** WHAT THE TASK REQUIRES **
Filter the listing below, copying every line in which the word "black" appears.

** DATASET EXCERPTS **
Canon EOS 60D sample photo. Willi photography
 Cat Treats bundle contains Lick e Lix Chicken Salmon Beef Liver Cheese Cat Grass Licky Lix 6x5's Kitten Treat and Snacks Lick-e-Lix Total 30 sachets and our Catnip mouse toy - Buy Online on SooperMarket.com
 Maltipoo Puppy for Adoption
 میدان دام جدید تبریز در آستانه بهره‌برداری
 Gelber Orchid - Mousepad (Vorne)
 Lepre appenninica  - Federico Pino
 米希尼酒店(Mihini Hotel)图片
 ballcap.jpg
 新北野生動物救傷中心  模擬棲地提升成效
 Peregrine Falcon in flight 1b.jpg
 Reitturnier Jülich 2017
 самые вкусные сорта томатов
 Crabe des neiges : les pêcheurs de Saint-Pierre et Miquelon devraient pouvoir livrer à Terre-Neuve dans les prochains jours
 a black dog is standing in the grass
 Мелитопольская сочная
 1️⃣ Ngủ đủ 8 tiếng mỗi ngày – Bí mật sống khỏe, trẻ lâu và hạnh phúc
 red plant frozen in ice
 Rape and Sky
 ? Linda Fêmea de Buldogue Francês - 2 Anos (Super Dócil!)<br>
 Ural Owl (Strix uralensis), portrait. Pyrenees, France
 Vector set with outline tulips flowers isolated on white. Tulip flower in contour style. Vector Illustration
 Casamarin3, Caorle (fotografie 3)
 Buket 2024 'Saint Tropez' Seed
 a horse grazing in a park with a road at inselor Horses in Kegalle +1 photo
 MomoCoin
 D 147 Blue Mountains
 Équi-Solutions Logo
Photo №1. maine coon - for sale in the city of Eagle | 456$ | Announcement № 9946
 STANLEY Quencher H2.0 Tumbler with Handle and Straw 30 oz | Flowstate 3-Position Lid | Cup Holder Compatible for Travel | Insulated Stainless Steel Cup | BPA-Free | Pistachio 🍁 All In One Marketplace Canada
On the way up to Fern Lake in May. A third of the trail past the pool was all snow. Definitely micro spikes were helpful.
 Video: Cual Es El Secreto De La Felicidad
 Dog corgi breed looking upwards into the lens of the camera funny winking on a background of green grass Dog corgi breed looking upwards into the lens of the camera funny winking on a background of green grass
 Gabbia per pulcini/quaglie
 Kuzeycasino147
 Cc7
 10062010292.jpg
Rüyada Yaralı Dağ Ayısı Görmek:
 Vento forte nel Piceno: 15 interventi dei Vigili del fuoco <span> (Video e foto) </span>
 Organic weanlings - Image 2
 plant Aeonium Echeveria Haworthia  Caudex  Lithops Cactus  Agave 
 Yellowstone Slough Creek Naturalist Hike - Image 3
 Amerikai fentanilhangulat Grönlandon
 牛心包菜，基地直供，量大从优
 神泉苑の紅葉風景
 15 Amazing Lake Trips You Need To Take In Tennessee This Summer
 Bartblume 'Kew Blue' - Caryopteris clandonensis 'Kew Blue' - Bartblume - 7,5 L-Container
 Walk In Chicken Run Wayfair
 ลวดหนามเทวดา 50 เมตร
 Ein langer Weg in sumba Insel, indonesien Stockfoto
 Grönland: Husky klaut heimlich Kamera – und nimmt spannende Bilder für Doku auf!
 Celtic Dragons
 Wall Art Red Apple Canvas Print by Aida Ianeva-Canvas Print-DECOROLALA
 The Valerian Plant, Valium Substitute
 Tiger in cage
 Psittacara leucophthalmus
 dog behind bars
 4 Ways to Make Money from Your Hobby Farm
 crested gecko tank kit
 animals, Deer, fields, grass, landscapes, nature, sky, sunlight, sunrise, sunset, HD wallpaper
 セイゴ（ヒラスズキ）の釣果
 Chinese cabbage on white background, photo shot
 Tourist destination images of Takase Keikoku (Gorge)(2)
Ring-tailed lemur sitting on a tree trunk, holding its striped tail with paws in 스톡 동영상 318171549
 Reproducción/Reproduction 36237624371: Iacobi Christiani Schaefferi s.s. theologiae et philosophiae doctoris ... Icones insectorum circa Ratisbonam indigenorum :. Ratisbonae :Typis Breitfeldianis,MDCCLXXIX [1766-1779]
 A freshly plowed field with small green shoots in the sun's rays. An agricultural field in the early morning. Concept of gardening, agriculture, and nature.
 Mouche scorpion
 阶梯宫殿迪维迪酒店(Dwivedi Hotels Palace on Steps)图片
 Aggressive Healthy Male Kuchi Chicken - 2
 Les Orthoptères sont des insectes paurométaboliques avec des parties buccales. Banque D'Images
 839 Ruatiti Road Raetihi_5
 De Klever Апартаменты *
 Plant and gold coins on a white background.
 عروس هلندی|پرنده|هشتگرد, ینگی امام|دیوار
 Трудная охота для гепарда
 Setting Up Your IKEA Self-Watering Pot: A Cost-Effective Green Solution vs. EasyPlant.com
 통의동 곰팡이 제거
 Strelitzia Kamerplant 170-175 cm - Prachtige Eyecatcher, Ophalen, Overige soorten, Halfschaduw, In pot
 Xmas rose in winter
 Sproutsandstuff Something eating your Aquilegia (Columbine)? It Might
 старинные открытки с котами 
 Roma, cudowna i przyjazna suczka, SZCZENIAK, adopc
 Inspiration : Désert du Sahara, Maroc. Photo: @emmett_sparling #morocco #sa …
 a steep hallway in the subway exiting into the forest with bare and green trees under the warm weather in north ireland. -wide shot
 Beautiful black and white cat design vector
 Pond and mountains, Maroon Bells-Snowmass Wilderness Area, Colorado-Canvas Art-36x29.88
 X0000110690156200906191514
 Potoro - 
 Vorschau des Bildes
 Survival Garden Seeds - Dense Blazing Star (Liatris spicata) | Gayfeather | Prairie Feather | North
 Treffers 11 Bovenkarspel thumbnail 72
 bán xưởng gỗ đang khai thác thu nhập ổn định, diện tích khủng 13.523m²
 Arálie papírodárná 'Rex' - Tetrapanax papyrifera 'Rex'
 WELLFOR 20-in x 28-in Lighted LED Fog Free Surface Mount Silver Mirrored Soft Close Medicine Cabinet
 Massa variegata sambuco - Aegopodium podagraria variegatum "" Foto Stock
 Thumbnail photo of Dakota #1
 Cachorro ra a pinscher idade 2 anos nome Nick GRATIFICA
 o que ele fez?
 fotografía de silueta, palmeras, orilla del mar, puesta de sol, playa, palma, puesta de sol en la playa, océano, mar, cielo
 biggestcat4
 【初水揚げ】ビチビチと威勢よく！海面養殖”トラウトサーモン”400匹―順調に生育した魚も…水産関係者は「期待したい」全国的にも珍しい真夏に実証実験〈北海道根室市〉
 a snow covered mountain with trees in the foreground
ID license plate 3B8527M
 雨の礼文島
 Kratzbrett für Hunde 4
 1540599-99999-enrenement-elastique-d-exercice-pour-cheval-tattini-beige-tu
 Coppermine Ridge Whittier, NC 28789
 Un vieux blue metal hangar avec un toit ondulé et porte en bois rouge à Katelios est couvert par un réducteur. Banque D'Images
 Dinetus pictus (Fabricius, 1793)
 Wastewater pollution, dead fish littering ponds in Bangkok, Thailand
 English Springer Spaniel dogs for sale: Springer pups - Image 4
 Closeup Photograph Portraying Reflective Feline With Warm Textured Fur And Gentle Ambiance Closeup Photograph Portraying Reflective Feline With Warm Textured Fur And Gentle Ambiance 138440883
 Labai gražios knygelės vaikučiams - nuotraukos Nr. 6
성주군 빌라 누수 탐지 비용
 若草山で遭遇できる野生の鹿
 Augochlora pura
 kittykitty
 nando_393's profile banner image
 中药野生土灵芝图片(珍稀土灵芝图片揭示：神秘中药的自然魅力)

** EXERCISE SOLUTION **
 a black dog is standing in the grass
 Beautiful black and white cat design vector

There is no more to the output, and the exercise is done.